On the Disaster Recovery System page, navigate to Restore > Restore Wizard. If a current backup was available, and you skipped the previous section, check all of the feature check boxes in the Select Features section: Enterprise License Manager (ELM) if available, CDR_CAR, and Unified Communications Manager (UCM). If you use a backup that was performed in the previous section, check only the UCM check box:

Click Next. Check the publisher node check box (CUCM911CCNAPUB), and choose the subscriber DB from which the restoration takes place. Then, click Restore.

Restore Status

When the restoration reaches the CCMDB component, the Status text should appear as Restoring Publisher from Subscriber Backup:

  

Run a Sanity Check on the Publisher DB

Before you reboot and set up replication, it is a good practice to verify that the restoration is successful and that the publisher DB contains the required information. Ensure that these queries return the same values on the publisher and subscriber nodes before you proceed:

  • run sql select count(*) from device
  • run sql select count(*) from enduser

Reboot the Publisher Node Again

After the restoration is complete, enter the utils system restart command in order to perform the publisher node reboot for the second time:

admin:utils system restart
Do you really want to restart ?
Enter (yes/no)? yes

Appliance is being Restarted ...
Warning: Restart could take up to 5 minutes.

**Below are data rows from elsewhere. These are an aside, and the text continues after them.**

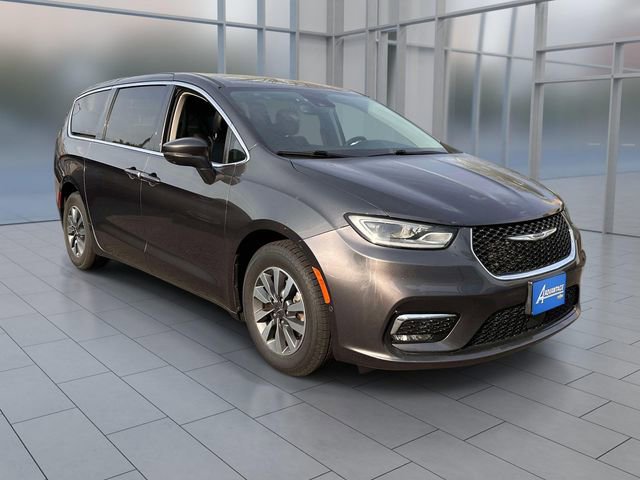 Used 2022 Chrysler Pacifica Touring-L w/ Uconnect Theater Family Group FWD image 1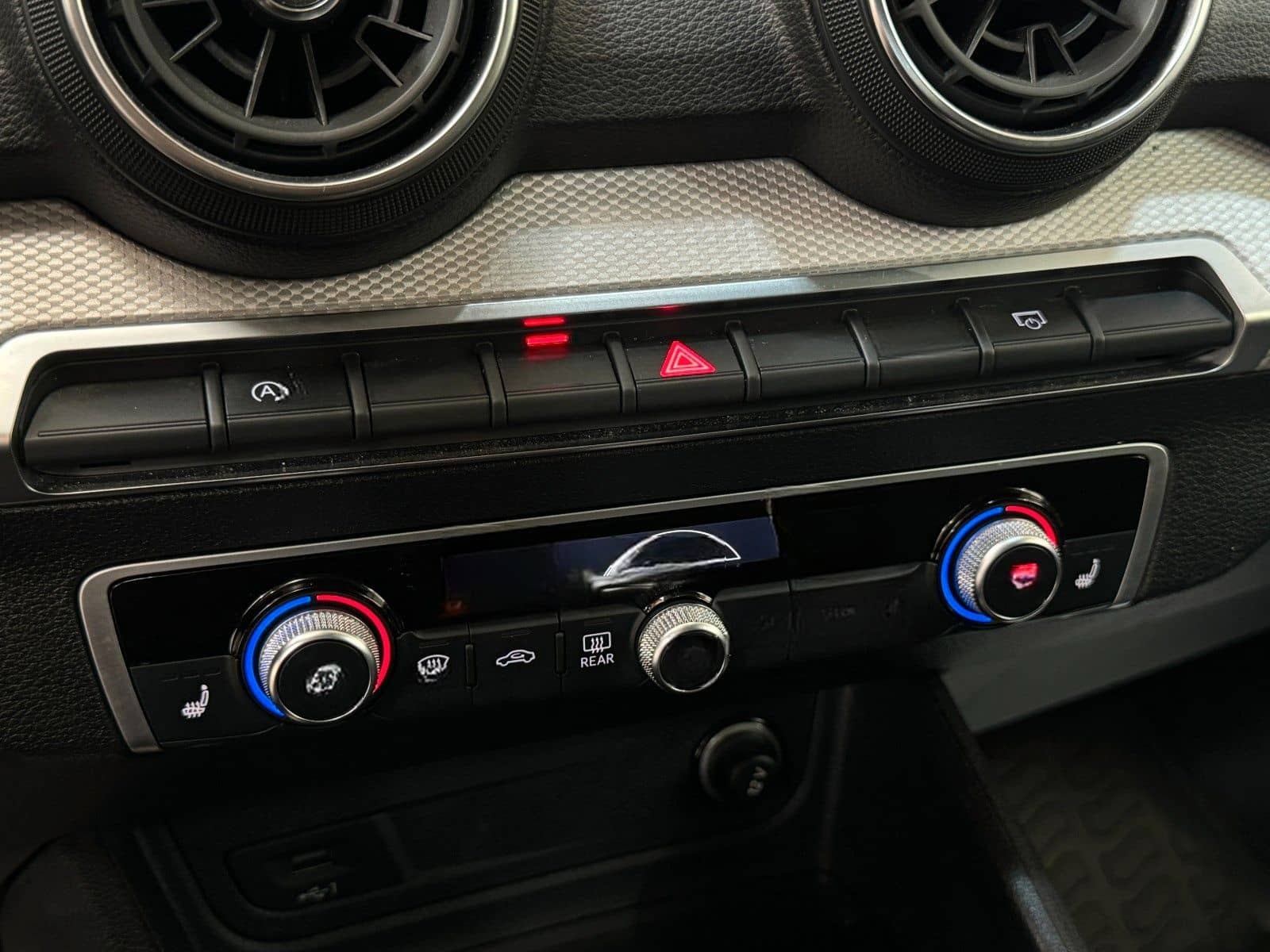 Audi Q2 35 TFSI 1.5/ACC/KAMERA/SHZ/PDC/NAVI/EHK/ALLW. foto 15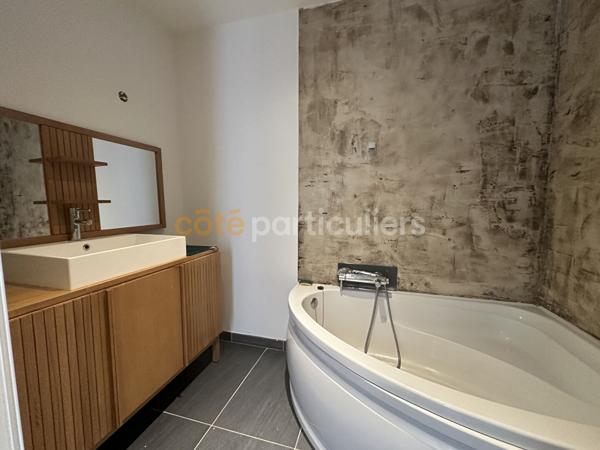 Vente
                Maison100,22 m² - 5 Pièces -
                    PERONNE (80200)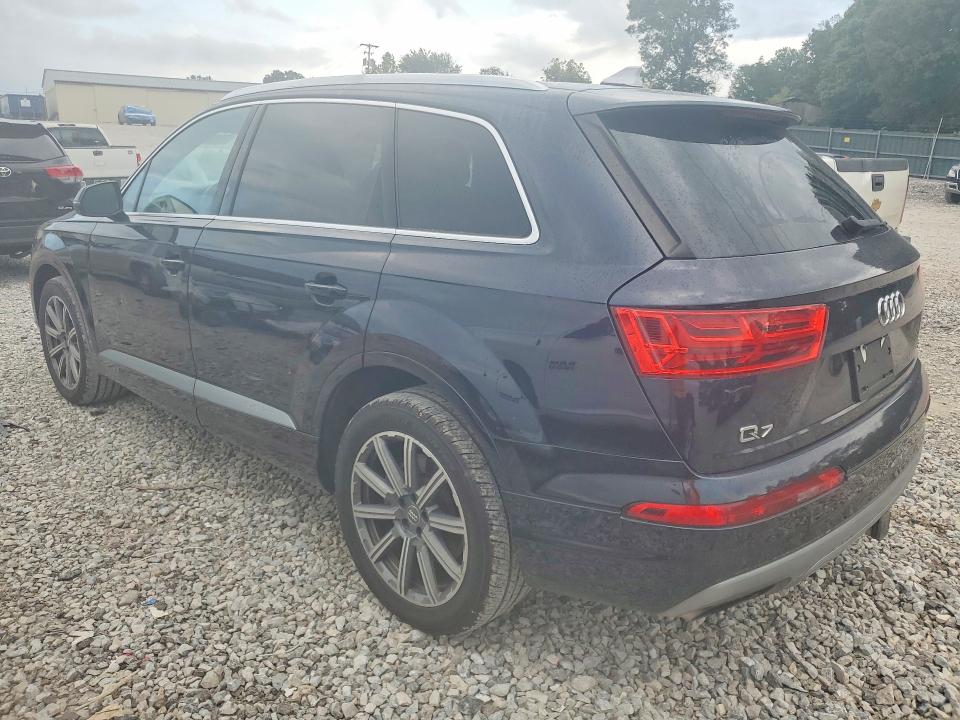 Foto 2 de la subasta – 2018 AUDI Q7 con VIN WA1VAAF73JD013780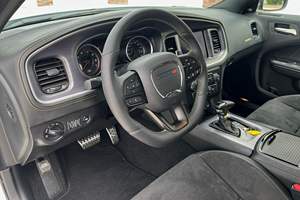 Dodge Charger Swinger 2023, moteur 6,4 L V8, propulsion arrière, berline automatique - Product Image 3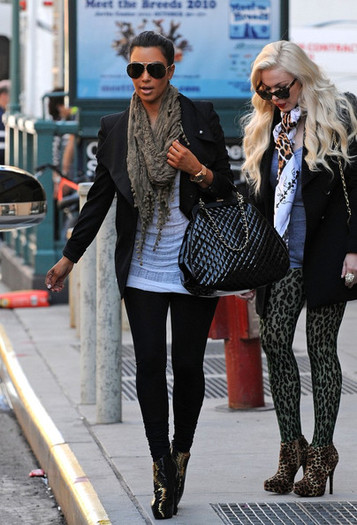Kim+Kardashian+Scarves+Pashmina+9xK5FrokCY7l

Shutting down Service Manager. Please wait...
 \ Service Manager shutting down services... Please Wait

Broadcast message from root (Tue Dec 3 14:29:09 2013):

The system is going down for reboot NOW!
Waiting .

Operation succeeded 

Replication Setup

Dependent upon the version, replication might not set up automatically. In order to check this, wait for all of the services to start, and enter the utils dbreplication runtimestate command. A state value of 0 indicates that setup is in progress, while a value of 2 indicates that replication is set up successfully for that node.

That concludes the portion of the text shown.